The Association’s geographical focus includes Central and Eastern Europe and Central Asia (CEECA), which consists of 7 sub-regions:
- Baltics (Estonia, Latvia, Lithuania),
- Central Europe (Czech Republic, Hungary, Poland, Slovakia, Slovenia),
- South-Eastern Europe (Albania, Bosnia-Herzegovina, Bulgaria, Croatia, Kosovo, Macedonia, Montenegro, Romania, Serbia),
- European Countries of the Commonwealth of Independent States (Belarus, Moldova, Ukraine),
- Caucasus (Armenia, Azerbaijan, Georgia),
- Central Asia (Kazakhstan, Kyrgyzstan, Tajikistan, Turkmenistan, Uzbekistan).
Country profiles provide not only a short summary of the situation of harm reduction in each of the 29 countries, with which EHRA works, but also gives a concise overview of laws that form the basis of drug policies in every state. For each country, available recent data about the number of people who inject drugs (PWID), the prevalence of HIV, hepatitis B and C among this group, as well as the number of needle and syringe program (NSP) and opioid substitution therapy (OST) sites (including in prisons) is provided. The profiles also offer a glimpse at the availability of life-saving naloxone. You can also find lists of organizational EHRA members from each state. (Note: Only registered members of EHRA can access the lists of individual members).
Although the state of harm reduction differs from country to country, there are some similar trends identified in the whole region of Eurasia. NSPs are being implemented in all but two countries – Bulgaria and Turkmenistan, and OST is not available in three states: Russia, Uzbekistan, and Turkmenistan. Even though NSP and OST are provided almost in all the countries in the region, the existing coverage is not sufficient to reach the targets for HIV prevention as identified by WHO and UNAIDS. According to the research published in the Lancet, in October 2017, only two countries from the region – Croatia and Slovenia – have high OST coverage – (40 OST recipients per 100 PWIDs) and only Estonia, Kyrgyzstan, and Tajikistan have high NSP coverage (more than 200 syringes distributed per person per year).
In the majority of countries in the region, the provision of harm reduction services has remained relatively stable in the past few years. However, some states have experienced the decrease or scaling down of services, mostly because of the lack of funding as a result of the withdrawal of international donors, primarily the Global Fund to Fight AIDS, Tuberculosis and Malaria. Due to the stigmatization of people who use drugs and the still prevailing misconception that drug users should be punished rather than integrated into societies, authorities in most countries are still unwilling to finance the provision of harm reduction services comprehensively.

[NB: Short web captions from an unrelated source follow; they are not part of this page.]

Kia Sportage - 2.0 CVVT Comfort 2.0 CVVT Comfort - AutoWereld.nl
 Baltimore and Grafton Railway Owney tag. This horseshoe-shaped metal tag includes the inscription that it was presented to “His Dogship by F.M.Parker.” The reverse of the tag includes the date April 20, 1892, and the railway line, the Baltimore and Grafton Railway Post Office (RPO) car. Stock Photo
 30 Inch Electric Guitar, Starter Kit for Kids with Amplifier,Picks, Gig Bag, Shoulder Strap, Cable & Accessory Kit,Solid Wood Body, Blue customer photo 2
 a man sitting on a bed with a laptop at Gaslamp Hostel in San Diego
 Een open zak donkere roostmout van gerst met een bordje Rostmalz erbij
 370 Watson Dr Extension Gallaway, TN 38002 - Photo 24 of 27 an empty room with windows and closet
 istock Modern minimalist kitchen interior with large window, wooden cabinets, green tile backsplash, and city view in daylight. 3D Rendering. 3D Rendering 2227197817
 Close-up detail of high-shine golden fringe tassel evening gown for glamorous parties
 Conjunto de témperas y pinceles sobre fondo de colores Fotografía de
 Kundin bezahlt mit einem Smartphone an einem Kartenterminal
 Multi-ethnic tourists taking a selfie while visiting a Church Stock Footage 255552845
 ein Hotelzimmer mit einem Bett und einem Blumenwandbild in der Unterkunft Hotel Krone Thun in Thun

Another unifying trend in the region remains the prevalence of repressive drug policies. Except for just a few countries, drug policy firmly resides in the framework of law enforcement, with large numbers of PWIDs still persecuted under criminal law or heavily fined. Highly punitive drug policy frameworks are changing rather slowly and lack supportive, human rights-centered and balanced approach to prevail over stigma and punishment. Alternatives to penalties for drug use or possession for personal consumptions are available in but a few of the countries.